Edinburgh head coach Richard Cockerill said a few weeks ago that his preference would be for a “fairly settled” half-back partnership, which has pitched Nathan Fowles and Sam Hidalgo-Clyne into battle for regular wearing of the No.9 jersey.
Last season the pivotal pairing was in continual flux with Duncan Weir and Jason Tovey swapping around the No.10 role while Fowles, Hidalgo-Clyne and Sean Kennedy, who has had injuries pre-season but will soon re-enter the fray, jostling away at scrum-half.
Cockerill has put his faith in Scotland internationalist Weir over his Welsh rival Tovey so far but, after starting with Hidalgo-Clyne in the first two Guinness Pro14 matches, it is Fowles who has been selected for the losses to Treviso and Scarlets.
Injuries, the physical toll of the modern game and international windows, mean that very rarely can a player expect to occupy the same jersey for the whole season so long as they can stay fit. It will be interesting to see how the situation develops in the coming months as logic would dictate that a confident and familiar pairing at nine and 10 could only help Edinburgh develop the kind of consistency that has been missing for so long.
We will learn today, when Cockerill names his team for the trip to Leinster tomorrow night, whether Fowles has kept hold of the starting slot, but he is keen to stress the positives of the situation.
“It is good, it is competitive which is a healthy environment to be in,” said the 24-year-old. “We are pushing each other in training every day and every week, which is a good thing for the team. We have the two of us champing at the bit every week to get into the team which is good and I am embracing it.
“Sean will be back too and it is not just in my position. You look across the board and there is a lot of competition for places. That is really good for the club to have that headache around selection. It is positive for the team.”
Hidalgo-Clyne is the man with the international experience having nine caps to his name, and is seen as, perhaps, the more dynamic and capable of sparking something in attack, with Fowles offering a bit more solidity of service.
That said, the lad from Rochdale who came up through the Sale academy but is Scottish-qualified through an Edinburgh grandfather, showed with his man of the tournament exploits at last year’s Melrose Sevens that he too has pace and skill in his locker.
“I see [my service] as a big key point, one of my strengths,” continued Fowles. “I do work really hard on my core skills, my kicking and my passing.
“It is a non-negotiable for someone in my position – I have to get that the backline moving.

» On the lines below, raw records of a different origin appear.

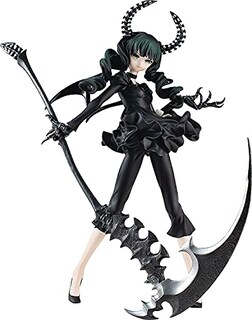 Foto 1 | Figura Good Smile Black Rock Shooter Dead Master 20 Cm - Venta Internacional.
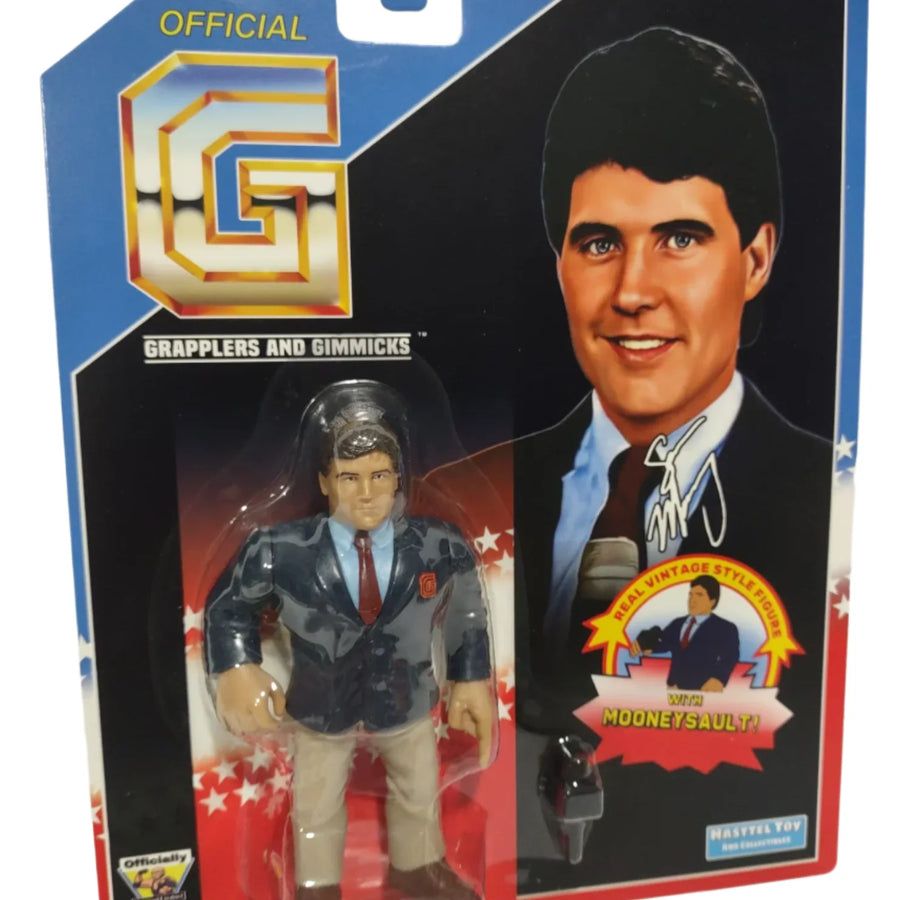 Grapplers & Gimmicks Sean Mooney PW Catalog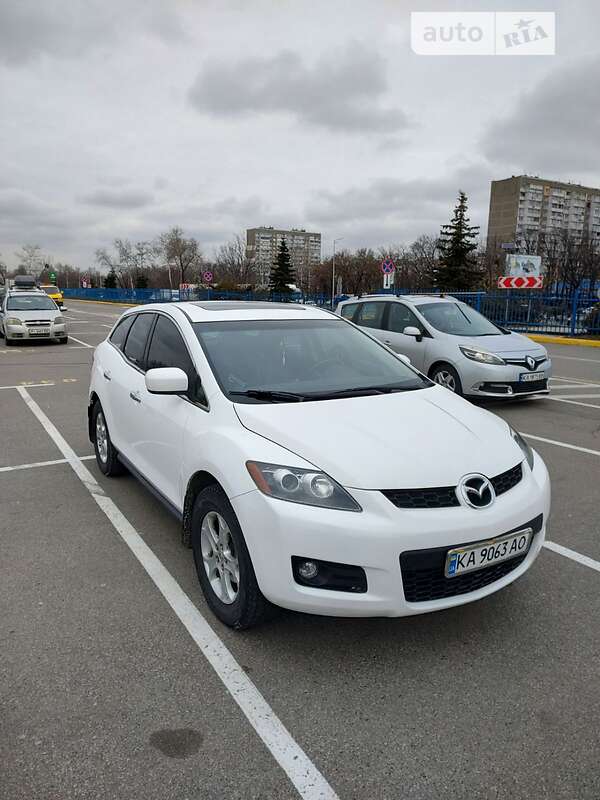Mazda Cx-7 (2007)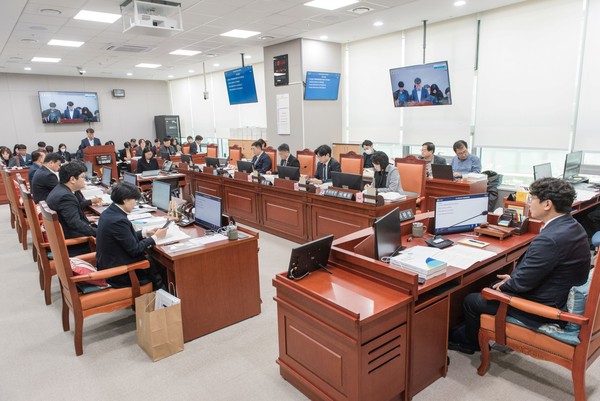 ▲ 기획재정위원회, 2024 행정사무감사 마무리.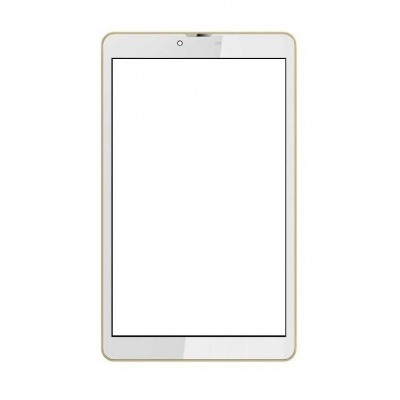 Touch Screen Digitizer For Swipe Slate 8 Champagne By - Maxbhi.com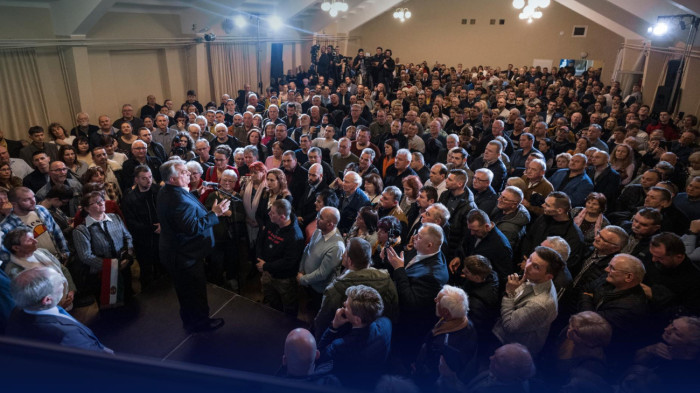 Orbán Viktor: Magyarország célja, hogy minden szomszédjával jó viszonya legyen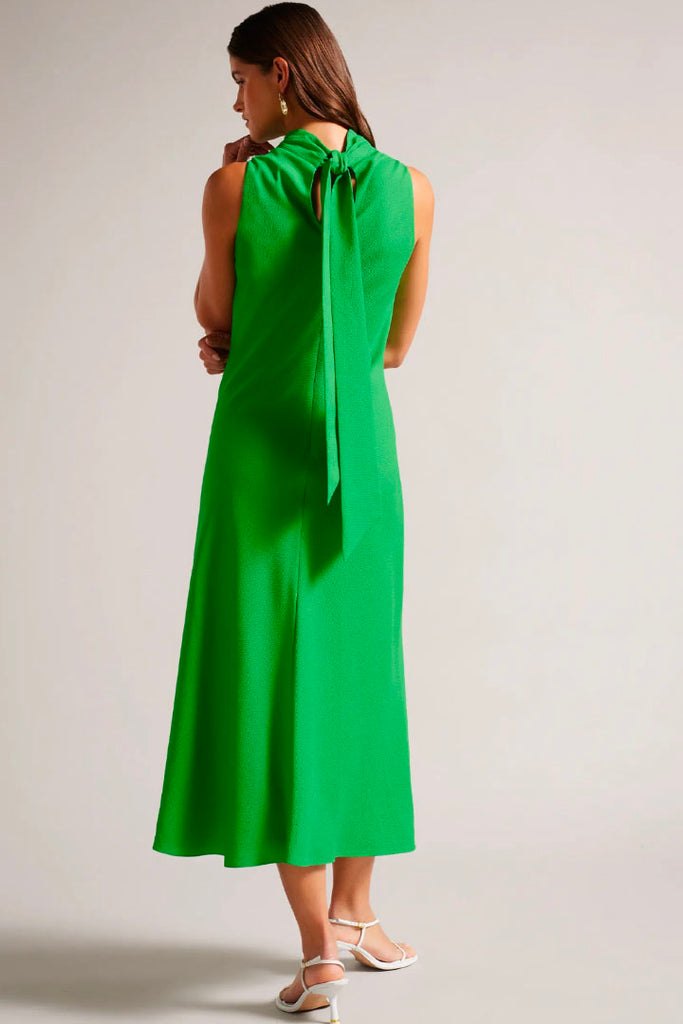 Ted Baker Clothing Eleanar Cowl Neck Sleeveless Midi Slip Dress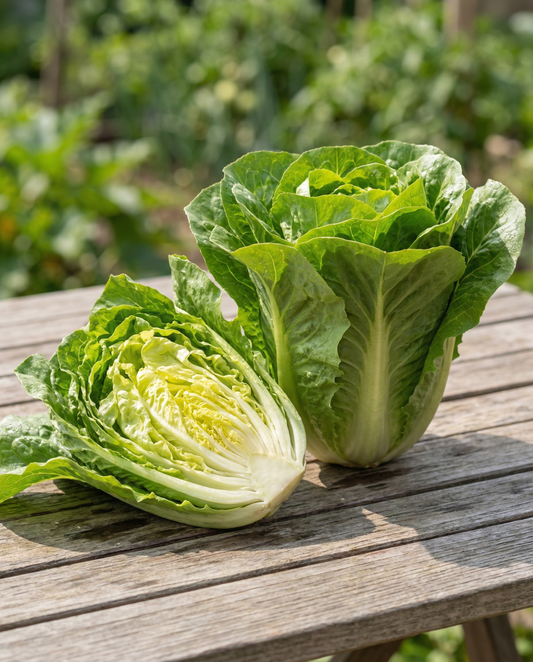 Endívia Nummer Vijf 2 (Cichorium endivia) – sementes biológicas de vegetal anual da SeedsChoice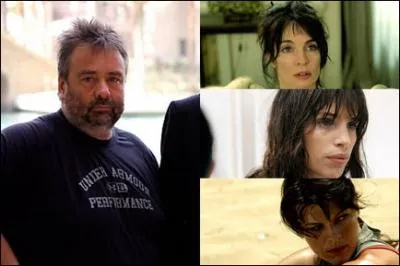 Bien qu'elle n'avait que 16 ans, Besson se marie et a un enfant avec...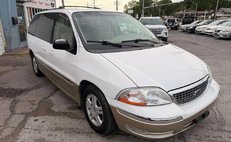 2001 Ford Windstar SEL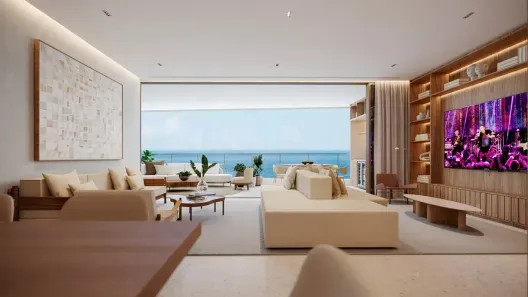 Apartamento com 4 Quartos à venda, 230m² no Mucuripe, Fortaleza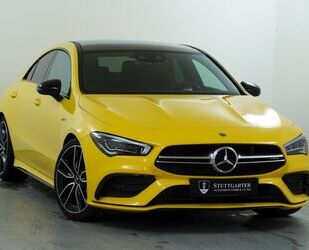 Mercedes-Benz CLA 35 AMG Gebrauchtwagen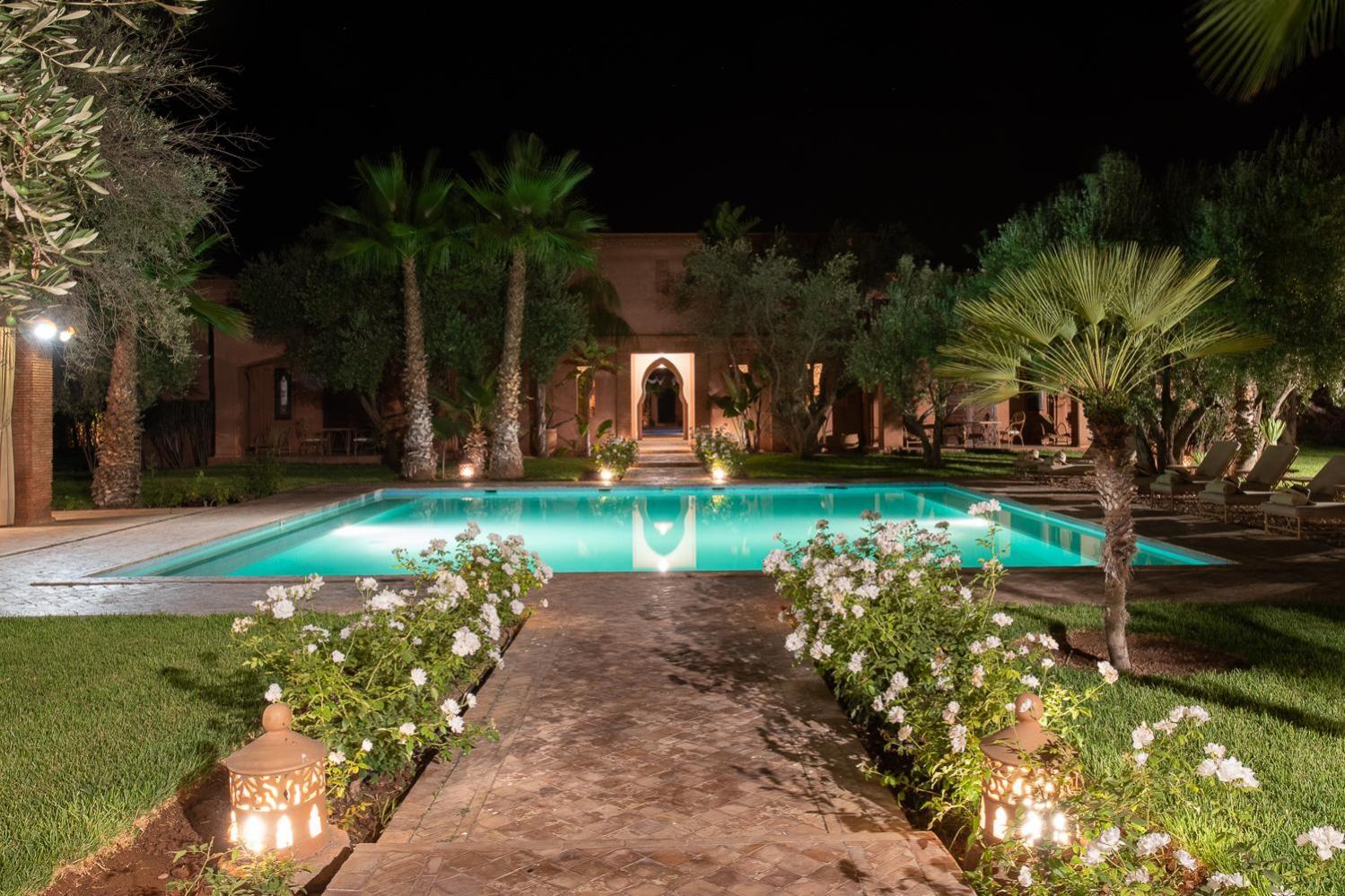 Dar Layyina Hotel Chwiter Bagian luar foto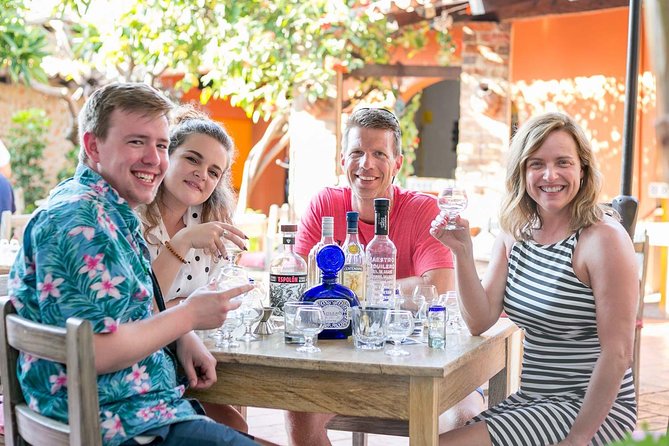 Tequila & Mezcal Tasting at your Place - The Pace: Snacks Included So You Don’t Rush The Tasting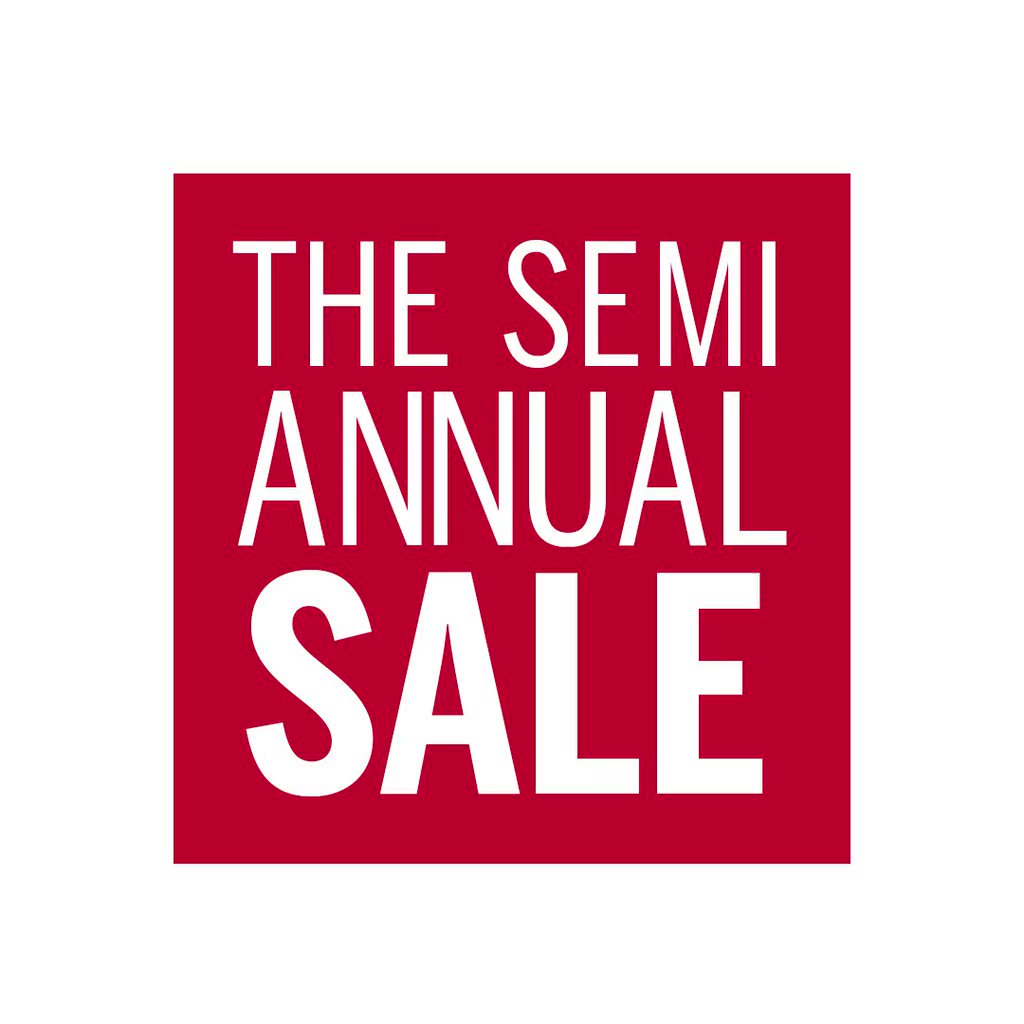 Annnnd GO: the #VSSemiAnnualSale is on! ???? https://t.co/7gKLUtHk1E https://t.co/EZbG558NZf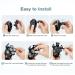 Dynabliss 6 in 1 Electric Head Shaver for Men & Women - Multifunctional Grooming Kit, Cordless & USB Rechargeable - Buy Online on SooperMarket.com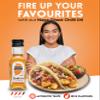 Naga Ghost Chilli, 125ml - Hot Sauce with Spanish Extra Virgin Olive Oil & Dried Ghost Pepper - No Additive Chicken Wing & Buffalo Sauce by The Chilli Oil Company, 3-Pack view 2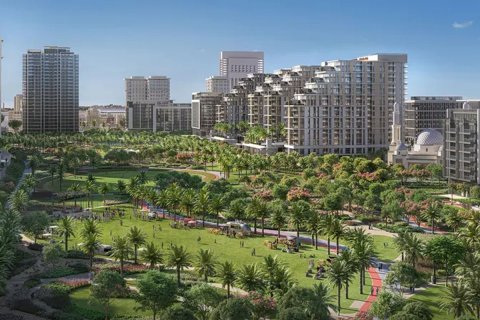 Apartment de 1 dormitorio en Dubai Hills Estate, UAE No. 80537 4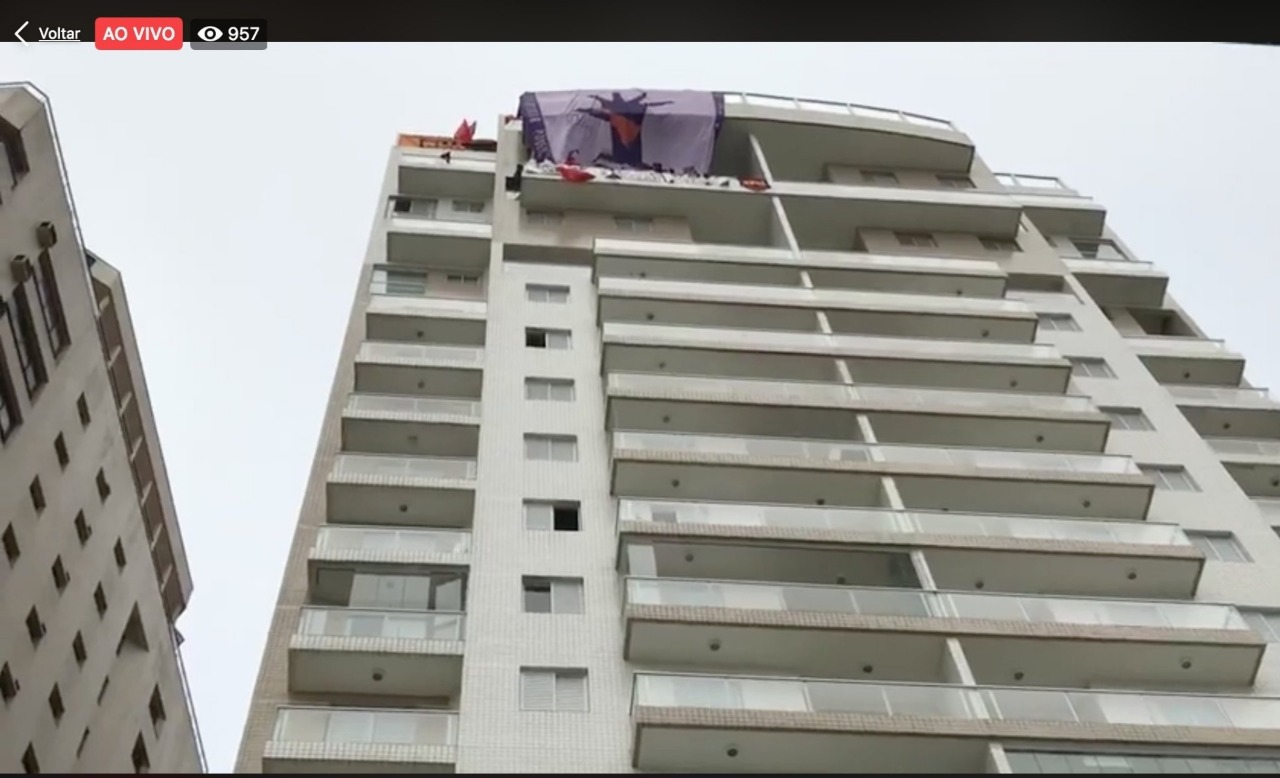 MPF denuncia Lula e Boulos por invasão do Triplex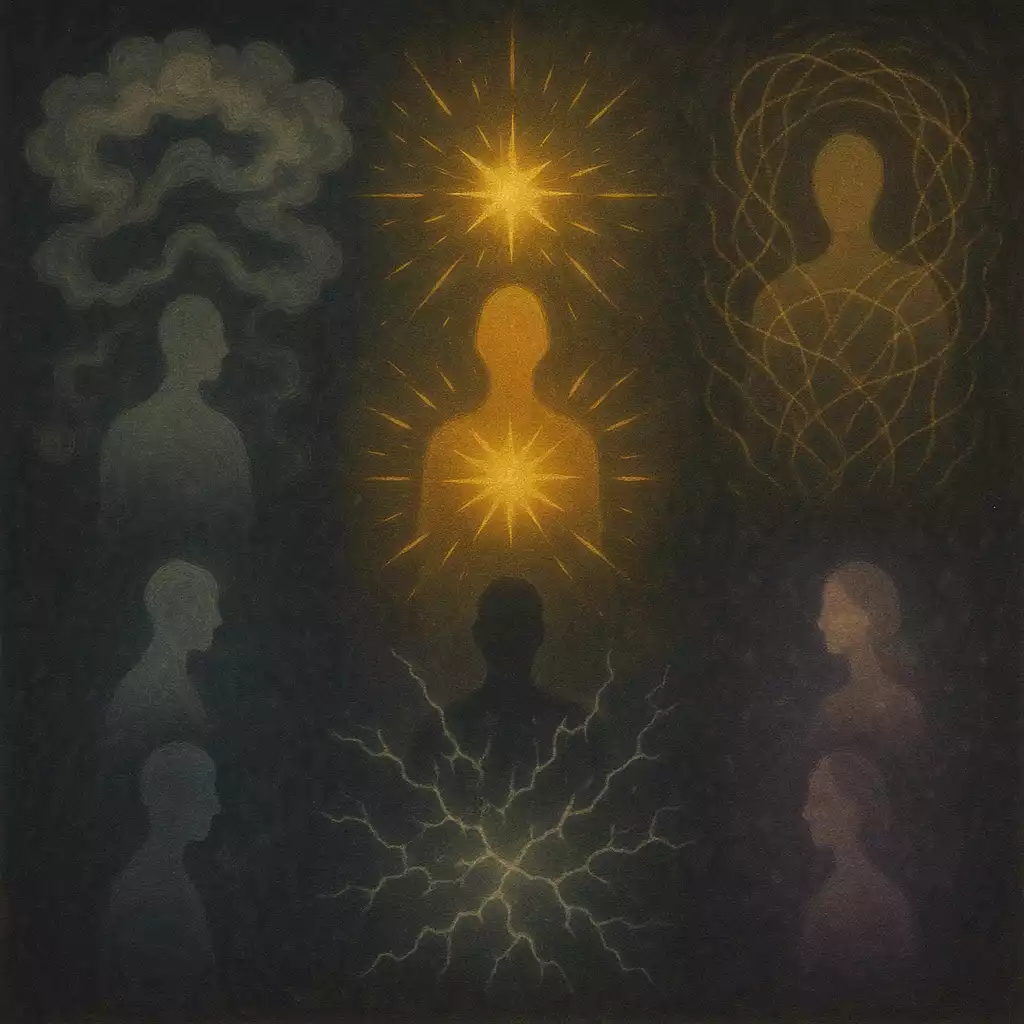 Psychic Vampire Types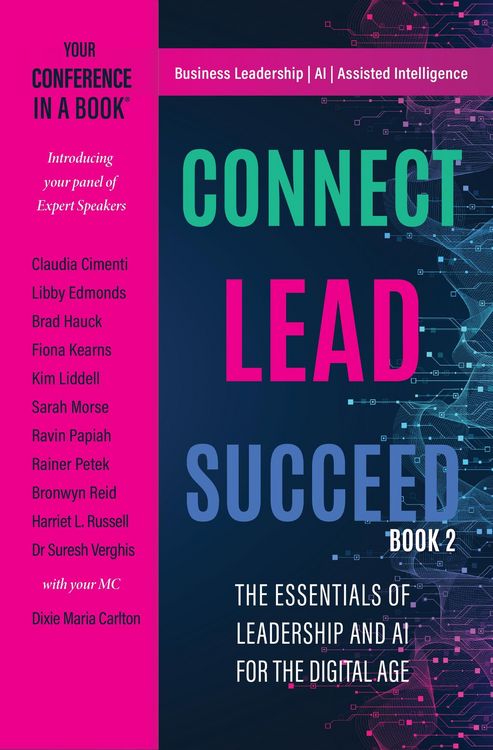 Produktbild: Connect Lead Succeed (CONFERENCE IN A BOOK(TM), #2)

It is a big thing and I pay quite a lot of attention to it.
“We are different players. Sam is a very good at some things and can create something out of nothing. He has that a bit of X-factor about him as well. There are parts of his game that I am not quite as good at, and there are parts of my game where he is not as good as me. It is a nice balance to have for the team.”
Fowles insisted that the two recent defeats had not shaken the squad’s belief that they can get moving up the Conference B table and make one of the top-three play-off places come the season’s end.
“Yes, we all believe that. We are not here just to make up the numbers,” he said. “We are all competitive people and would not be in this job otherwise. We all aspire to be there and I think it is something we can achieve.
“We have a lot more in us. It is an exciting prospect. We are only four games into the season and we are learning each week, working really hard of the pitch and on the pitch to get better as a team.
“That is what we have got to do. As long as we put it out there week on week and keep getting better, that is all we can ask of each other. Then we will see where it gets us.”